● Source material
--
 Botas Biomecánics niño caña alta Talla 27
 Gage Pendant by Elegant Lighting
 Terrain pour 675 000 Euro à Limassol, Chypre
--
● What is being asked
Repeat each line above exactly as it stands.

● Result below
 Botas Biomecánics niño caña alta Talla 27
 Gage Pendant by Elegant Lighting
 Terrain pour 675 000 Euro à Limassol, Chypre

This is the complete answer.